Aside from Thompson - who was arguably the second best Cavalier in the Finals as a whole - the rest of the Cavs rotation struggled too. James Jones enabled the Cavs to go small, but was just waiting to be attacked in the pick and roll. Iman Shumpert, perhaps partly due to his shoulder and groin injuries, never really found his shot and enabled the Warriors to further tilt their defense toward LeBron.

And as for Dellavedova, despite the #grit of his play, he was simply outmatched. He constantly was chasing around Curry, just trying to get in front of him and at least make an effort to get Curry off balance. On offense, his inability to get his own shot took him off the floor for long stretches of Game 6. Any argument saying that Cavs were better on the floor with Dellavedova as opposed to Irving because of Delly's defense both overstate his ability on that end and under value how important Irving is to the Cavs offense.

This doesn't mean that Mozgov, Smith and the rest are bad players or bad fits for the Cavs moving forward. The Cavs' supporting cast - namely those acquired mid-season - was a huge reason why the Cavs surged mid-season and made the Finals. They each, for the most part, compliment what the Cavs' core of LeBron, Irving and Kevin Love does so well. Generally speaking, this group of players was a better group than the 2006-2007 Cavs Finals team that featured Sasha Pavlovic and Damon Jones as key rotation players. None of those players were a situational superstar like Thompson or a mobile rim protector like Mozgov.

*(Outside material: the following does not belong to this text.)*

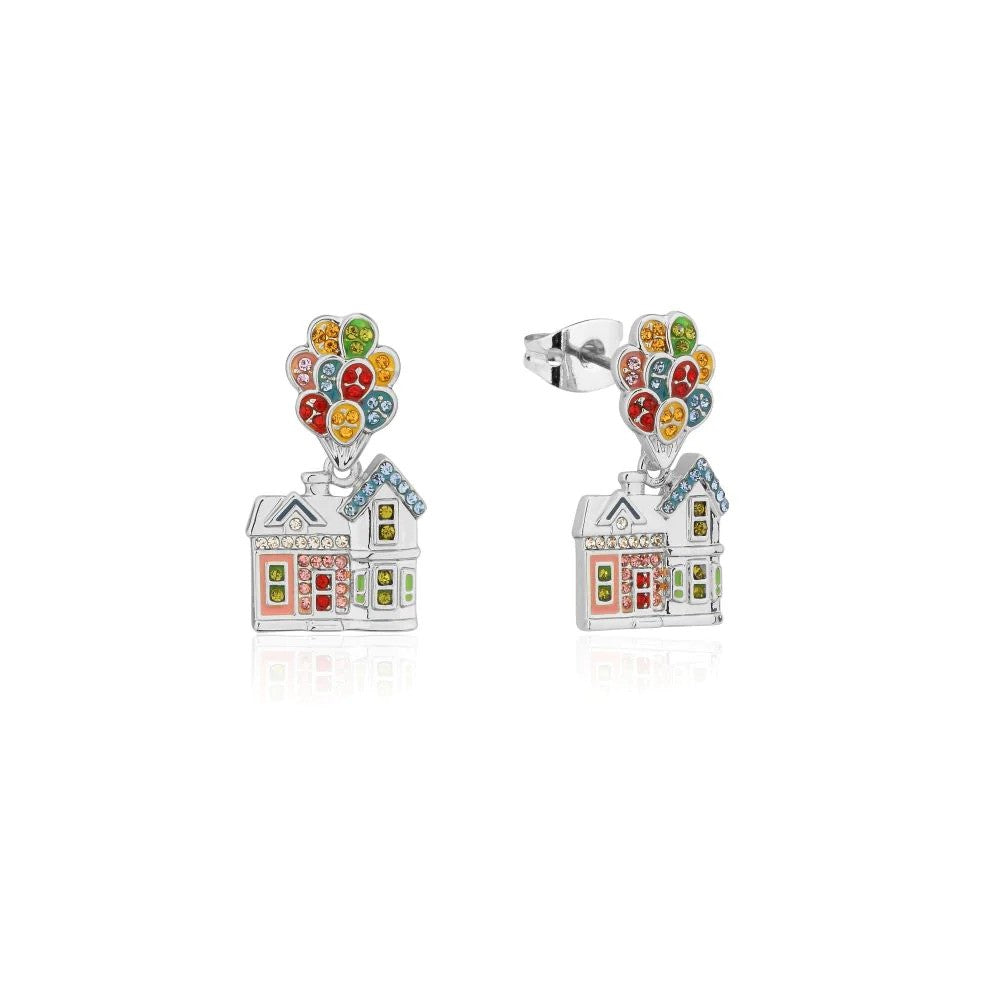 DISNEY COUTURE KINGDOM UP HOUSE CRYSTAL DROP EARRINGS WHITE GOLD PLATED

This wasn't LeBron, two or three NBA players and a bunch of nobodies. This was LeBron and a good, but injured, supporting cast that was playing a team capable of making an adjustment that forced non-LeBron Cavs to do more than was possible. These adjustments may have still had a still had a similar effect had Irving and Love been around, but it's easier to overcome disadvantages when you have the best player in the world flanked two other top-20 NBA players.

But when you lose those two players and a key veteran center, it's easy for everyone else to be extended too far past their comfort zone.